The Dun & Bradstreet Corporation is an American company that provides commercial data, analytics, and insights for businesses. Headquartered in Jacksonville, Florida, the company offers a wide range of products and services for risk and financial analysis, operations and supply, and sales and marketing professionals, as well as research and insights on global business issues. It serves customers in government and industries such as communications, technology, strategic financial services, and retail, telecommunications, and manufacturing markets. Often referred to as D&B, the company's database contains over 500 million business records worldwide.

History

1800s
Dun & Bradstreet traces its history to July 20, 1841, with formation of The Mercantile Agency in New York City by Lewis Tappan. Recognizing the need for a centralized credit reporting system, Tappan formed the company to create a network of correspondents who would provide reliable, objective credit information to subscribers. As an advocate for civil rights, Tappan used his abolitionist connections to expand and update the company's credit information.

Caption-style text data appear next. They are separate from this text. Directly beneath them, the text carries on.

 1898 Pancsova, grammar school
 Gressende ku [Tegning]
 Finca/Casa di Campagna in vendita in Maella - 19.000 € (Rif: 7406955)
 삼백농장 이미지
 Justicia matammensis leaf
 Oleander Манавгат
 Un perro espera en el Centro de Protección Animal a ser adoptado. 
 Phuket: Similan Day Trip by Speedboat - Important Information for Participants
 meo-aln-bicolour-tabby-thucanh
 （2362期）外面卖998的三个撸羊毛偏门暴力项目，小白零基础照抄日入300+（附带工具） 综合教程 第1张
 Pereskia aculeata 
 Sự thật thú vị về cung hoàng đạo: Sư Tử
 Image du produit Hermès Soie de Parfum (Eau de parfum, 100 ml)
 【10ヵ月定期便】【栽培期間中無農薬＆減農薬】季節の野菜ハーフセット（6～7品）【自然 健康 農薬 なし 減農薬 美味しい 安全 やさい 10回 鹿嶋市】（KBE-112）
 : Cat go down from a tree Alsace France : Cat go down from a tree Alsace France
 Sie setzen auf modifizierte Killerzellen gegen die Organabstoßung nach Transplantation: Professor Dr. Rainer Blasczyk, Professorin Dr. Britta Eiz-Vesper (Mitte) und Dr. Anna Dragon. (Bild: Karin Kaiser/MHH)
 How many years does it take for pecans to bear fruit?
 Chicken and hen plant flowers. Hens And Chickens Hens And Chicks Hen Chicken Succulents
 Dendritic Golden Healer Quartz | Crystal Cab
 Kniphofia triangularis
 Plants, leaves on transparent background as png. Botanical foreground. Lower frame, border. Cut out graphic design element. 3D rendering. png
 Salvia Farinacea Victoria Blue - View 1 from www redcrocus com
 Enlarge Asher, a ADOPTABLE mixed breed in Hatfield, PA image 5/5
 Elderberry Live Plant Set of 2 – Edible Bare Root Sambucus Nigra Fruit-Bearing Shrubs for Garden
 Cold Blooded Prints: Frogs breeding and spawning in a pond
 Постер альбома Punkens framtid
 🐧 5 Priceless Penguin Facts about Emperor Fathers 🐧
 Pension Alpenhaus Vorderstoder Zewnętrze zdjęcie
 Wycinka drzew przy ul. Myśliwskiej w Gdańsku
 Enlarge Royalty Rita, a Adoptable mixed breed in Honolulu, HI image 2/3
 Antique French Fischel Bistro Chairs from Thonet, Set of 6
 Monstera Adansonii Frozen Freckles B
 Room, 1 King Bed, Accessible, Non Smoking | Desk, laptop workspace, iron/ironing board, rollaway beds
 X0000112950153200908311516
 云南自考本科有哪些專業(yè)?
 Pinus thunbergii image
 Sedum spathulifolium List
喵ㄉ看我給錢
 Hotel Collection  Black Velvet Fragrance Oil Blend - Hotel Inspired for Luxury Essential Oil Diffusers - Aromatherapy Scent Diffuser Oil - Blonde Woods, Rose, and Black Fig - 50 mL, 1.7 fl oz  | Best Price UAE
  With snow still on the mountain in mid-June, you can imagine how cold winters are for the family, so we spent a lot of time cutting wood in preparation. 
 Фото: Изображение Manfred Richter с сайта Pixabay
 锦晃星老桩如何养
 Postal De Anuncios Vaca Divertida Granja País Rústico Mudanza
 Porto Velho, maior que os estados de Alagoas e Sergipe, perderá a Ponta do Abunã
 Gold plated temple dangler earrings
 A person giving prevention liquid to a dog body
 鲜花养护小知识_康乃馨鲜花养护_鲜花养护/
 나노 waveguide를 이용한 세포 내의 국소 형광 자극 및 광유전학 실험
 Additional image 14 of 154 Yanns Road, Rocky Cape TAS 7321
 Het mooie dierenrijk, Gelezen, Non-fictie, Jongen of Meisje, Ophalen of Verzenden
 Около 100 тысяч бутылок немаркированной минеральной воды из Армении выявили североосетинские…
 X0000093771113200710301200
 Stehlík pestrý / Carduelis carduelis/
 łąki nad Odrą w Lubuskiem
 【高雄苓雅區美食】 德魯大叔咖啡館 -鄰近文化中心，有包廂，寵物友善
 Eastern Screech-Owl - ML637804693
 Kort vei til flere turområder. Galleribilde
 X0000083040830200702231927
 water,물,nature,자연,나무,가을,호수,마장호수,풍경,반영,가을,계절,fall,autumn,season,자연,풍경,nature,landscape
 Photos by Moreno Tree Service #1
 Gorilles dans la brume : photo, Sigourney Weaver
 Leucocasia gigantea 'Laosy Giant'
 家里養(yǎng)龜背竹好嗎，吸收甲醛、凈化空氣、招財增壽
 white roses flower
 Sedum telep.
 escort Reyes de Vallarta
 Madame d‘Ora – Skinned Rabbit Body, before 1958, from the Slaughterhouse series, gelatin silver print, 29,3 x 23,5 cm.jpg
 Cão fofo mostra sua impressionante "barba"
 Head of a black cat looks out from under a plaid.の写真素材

Despite accusations of personal privacy invasion, by 1844 the Mercantile Agency had over 280 clients. The agency continued to expand, opening offices in Boston, Philadelphia, and Baltimore. By 1849, Tappan retired, allowing Benjamin Douglass to take over the booming business.

In 1859, Douglass transferred the company to Robert Graham Dun, who immediately changed the firm's name to R. G. Dun & Company. Over the next 40 years, Graham Dun continued to expand the business across international boundaries.

1900s
In March 1933, Dun merged with competitor John M. Bradstreet to form today's Dun & Bradstreet. The merger was engineered by Dun's CEO, Arthur Whiteside. Whiteside's successor, J. Wilson Newman, worked to extend the company's range of products and services, expanding the company dramatically during the 1960s by engineering ways to apply new technologies to evolving operations. 

Moody's, a credit reporting agency, was acquired by Dun & Bradstreet in 1962. The Dun & Bradstreet Data Universal Numbering System (D&B D-U-N-S Number) was invented in 1963. Other companies acquired during this time included R.H. Donnelley, Official Airline Guides, Thomas Y. Crowell Co., Funk & Wagnalls, Technical Publishing, and McCormack & Dodge, all since divested.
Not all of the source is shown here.